Lock-in period for the sovereign gold bonds or SGBs have to be understood at various levels.

a) The fist lock-in with reference to sovereign gold bonds pertains to the listing lock-in period. Once the gold bond issue is closed, there is a cooling lock-in of 6 months before that particular series of SGBs are listing on the stock exchanges. During the first six months, there is absolutely no liquidity on the sovereign gold bonds and they list only after the completion of six months. However, even after the 6 months are completed, the volumes are very thin in the SGB market and hence exit in the secondary market is hardly possible from a practical perspective.

b) The second lock-in is with reference to the short term capital gains and long term capital gains classification. Sovereign Gold Bonds (SGB) is classified as non-equity assets and hence the cut-off for long term would be 3 years. If the bonds are held for less than 3 years, (the only ways is to sell in the secondary market), then it would be short term capital gains and would be taxed at the peak rate applicable to the investor.

c) If the sovereign gold bonds are held for more than 3 years, they become long term capital gains and would then be taxed at 20% of the indexed capital gains. However, there is a further subtlety in the lock in period offered for long term gains. From the fifth year onwards, the government offers a repurchase window at the end of the fifth year, sixth year and the seventh year.
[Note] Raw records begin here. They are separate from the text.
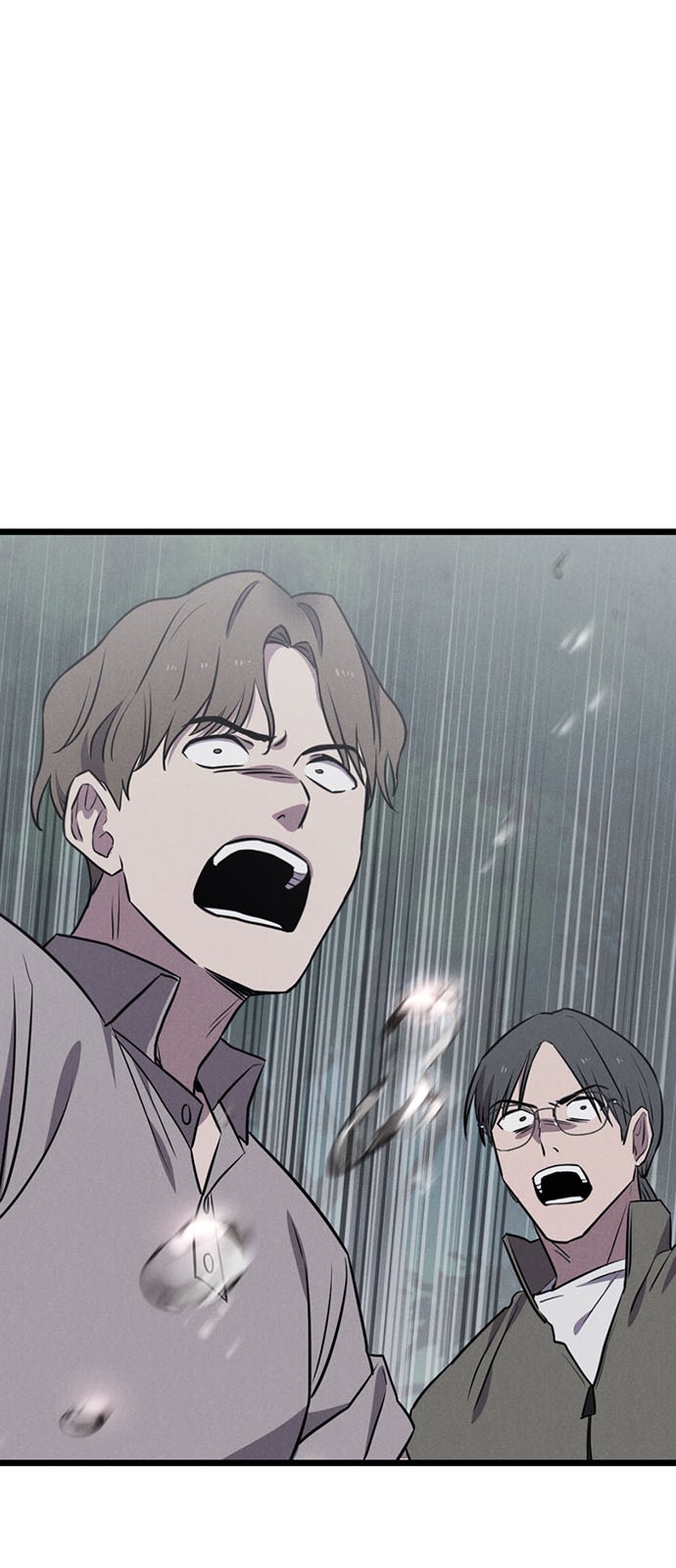 160 페이지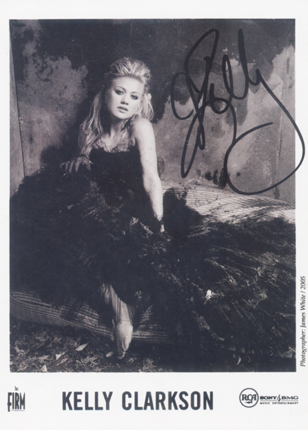 Kelly_Clarkson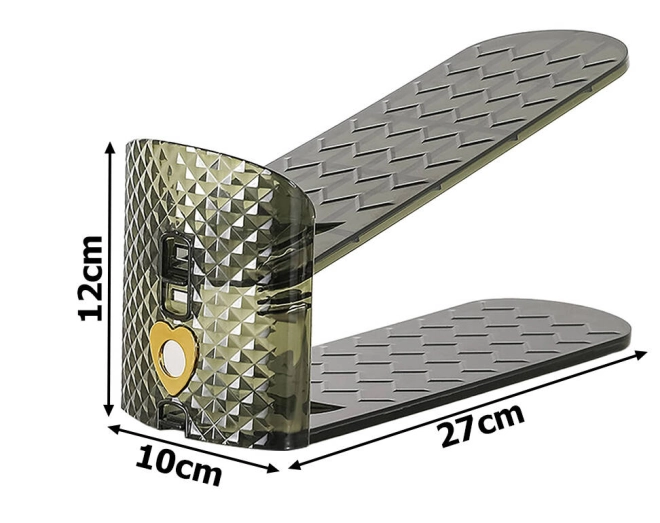 Design réglable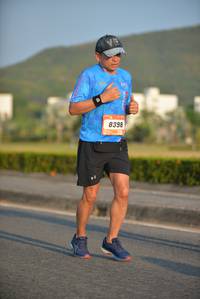 BIB: 8398
                            <button type="button" onclick="openModal(3270576)" class="btn btn-primary btn-sm float-right btn-popup" data-toggle="modal" data-target=".modal-high-quality">
                        <i class="fas fa-shopping-cart"></i> Add to Cart
                    </button>
                                            <button type="button" onclick="isThisMe(3270576, true)" class="btn btn-success btn-sm float-right btn-popup btn-isme hidden" data-toggle="tooltip" data-placement="bottom" title="นี่คือรูปของคุณใช่ไหม คลิกที่นี่เพื่อเอาเข้าอัลบั้ม">
                        <i class="fas fa-plus"></i> Add to album
                    </button>
                    <button type="button" onclick="isThisMe(3270576, false)" class="btn btn-warning btn-sm float-right btn-popup btn-isnotme hidden">
                        <i class="fas fa-ban"></i> Remove from album
                    </button>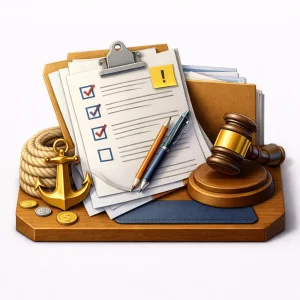 ChatGPT Image 31 mar 2026, 16_51_03.webp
During this period, the investors can redeem the bonds through this window made available to them and realize the funds. This will be treated as long term capital gains and taxed accordingly.

d) Finally, there is the full lock-in of 8 years, which is the original tenure of the sovereign gold bond. If these gold bonds are held for the full 8 years, then whatever be the quantum of capital gains made, the entire capital gains would be taxed free. However, this benefit is only available if the 8 year lock-in period is respected, not otherwise.

How can you buy these bonds? 

Sovereign gold bonds (SGBs) can be bought through any of the designated scheduled banks or even through post offices and SHCIL. Note that Payment Banks are not authorized to market sovereign gold bonds. Bonds can also be purchased on the trading platform on the NSE and the BSE. If you have an internet banking account or an internet trading account, these gold bond can also be purchased online.

Breaking lock-in period for SGB

What do we understanding by breaking the lock-in period? Here is what it means.

  • The first breaking of lock-in period arises when the bonds are sold through the secondary market. If it is sold in less than 3 years, then the consequences are that you pay a higher rate of tax since the gains will be classified as short term capital gains. In the case of non-equity assets like gold bonds, short term capital gains are taxed at the peak rate applicable to the investors. i.e. 20% or 30% as the case may be.
  • The second case of breaking is when you break 8 year lock-in period. The government of India, through the RBI, offers a buyback window wherein the investors can offer their shares for redemption at the end of the fifth, sixth and the seventh year. However, it must be noted that in this case, the gains would be treated as long term capital gains and taxed accordingly. That means, the tax has to be paid at the rate of 20% of the indexed capital gains earned by the investor.
  • If held for the full 8 year tenure, capital gains are tax free. However, note that in such cases any losses would not be available for set-off, so plan your exit accordingly by the end of the seventh year.


There is a cost to breaking the lock-in in the form of higher capital gains tax payable. It would make the most sense if held for 8 years and results in capital gains.